- [ACTION ITEM] Exact repetition of a range: find the line containing "What is Croup" and the line containing "Ciatalgia e Tratamento" in the material below, then repeat both and all lines between them, leaving pictures out.

- [SUPPLIED ENTRIES]

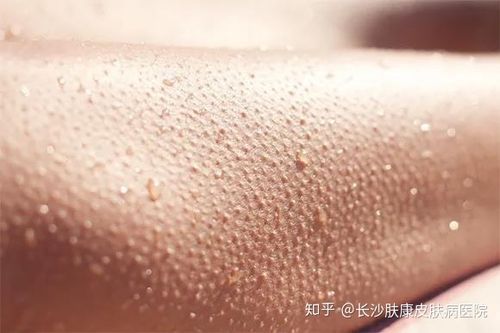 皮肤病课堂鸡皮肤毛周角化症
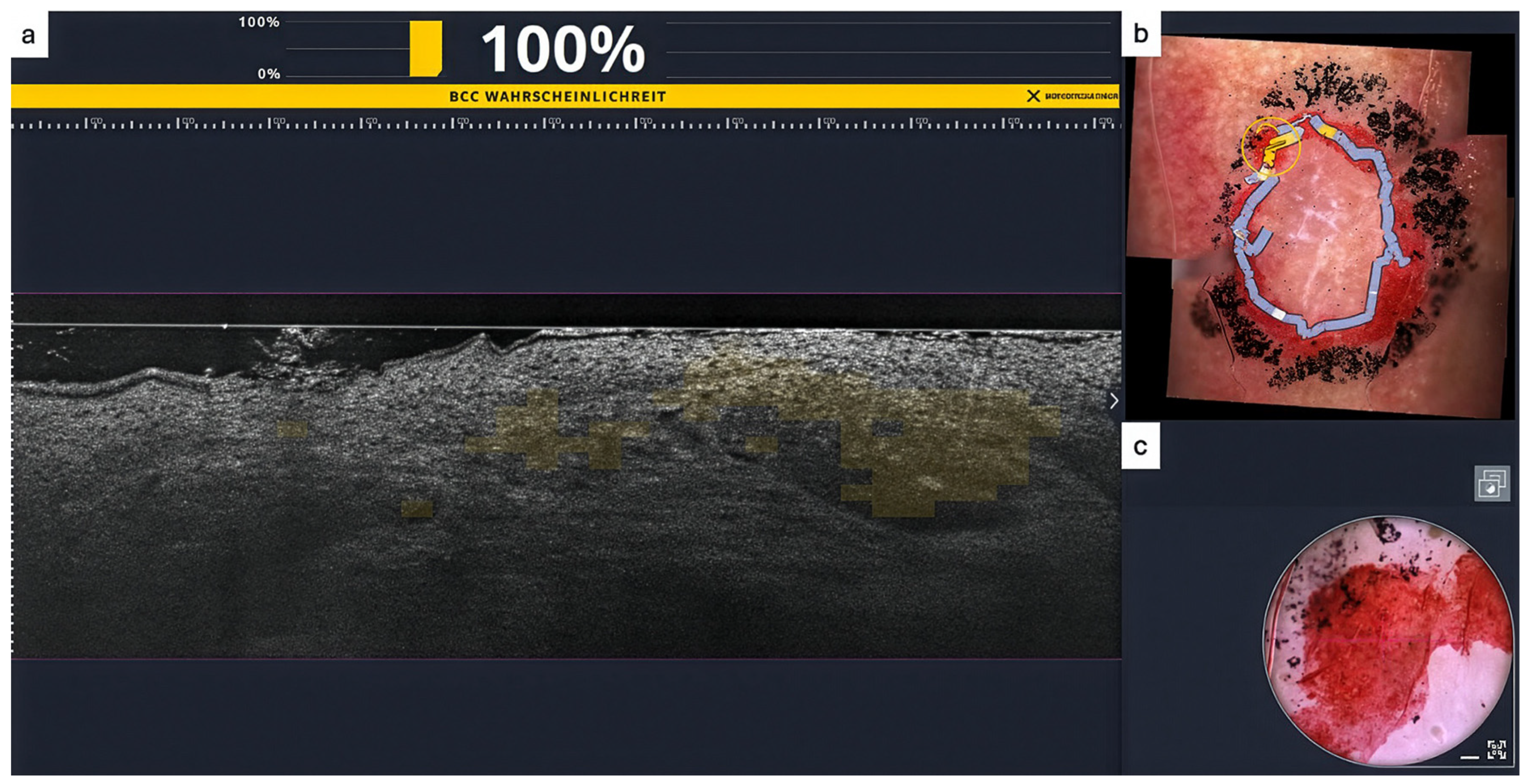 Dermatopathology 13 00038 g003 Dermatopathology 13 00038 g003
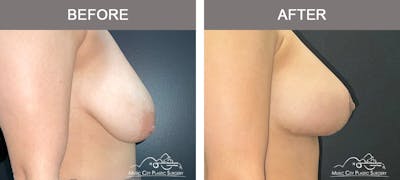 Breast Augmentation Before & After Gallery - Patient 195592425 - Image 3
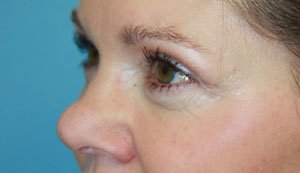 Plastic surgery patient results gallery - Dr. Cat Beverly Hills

---

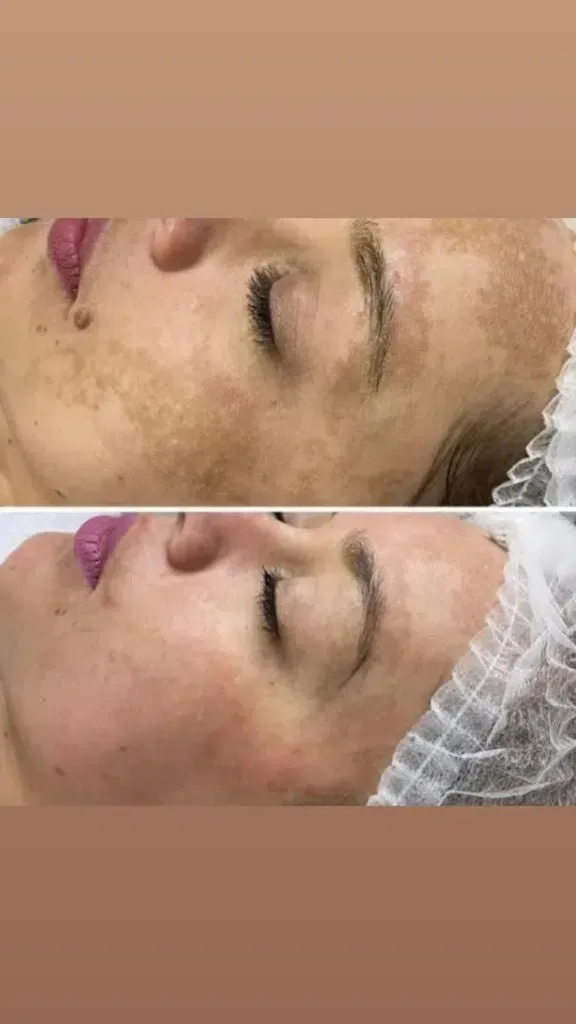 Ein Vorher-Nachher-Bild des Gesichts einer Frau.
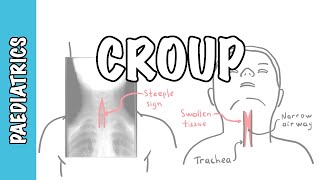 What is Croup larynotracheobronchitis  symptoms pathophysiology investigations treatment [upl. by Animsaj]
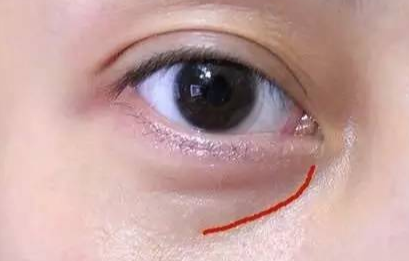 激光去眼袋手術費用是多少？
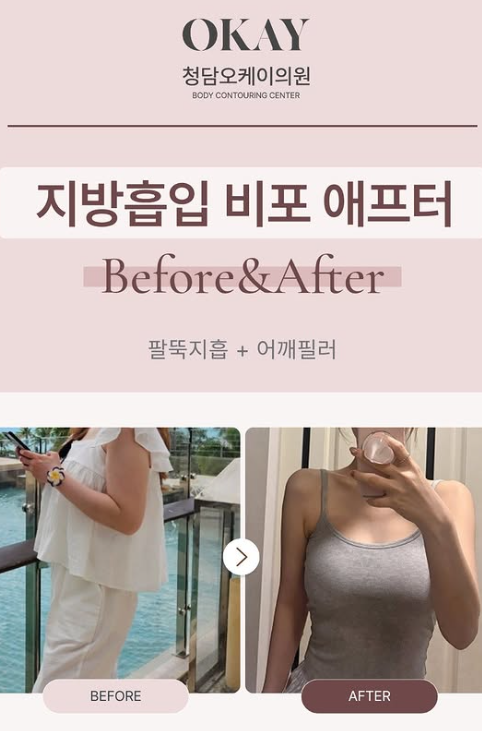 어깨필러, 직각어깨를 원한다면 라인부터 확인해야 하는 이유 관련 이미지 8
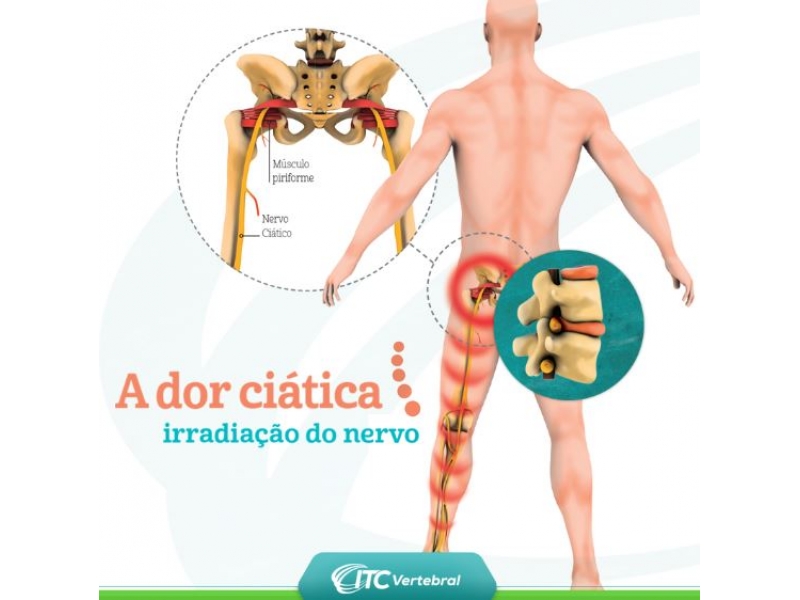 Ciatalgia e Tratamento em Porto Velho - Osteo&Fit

- [SOLVED PROBLEM]
 What is Croup larynotracheobronchitis  symptoms pathophysiology investigations treatment [upl. by Animsaj]
 激光去眼袋手術費用是多少？
 어깨필러, 직각어깨를 원한다면 라인부터 확인해야 하는 이유 관련 이미지 8
 Ciatalgia e Tratamento em Porto Velho - Osteo&Fit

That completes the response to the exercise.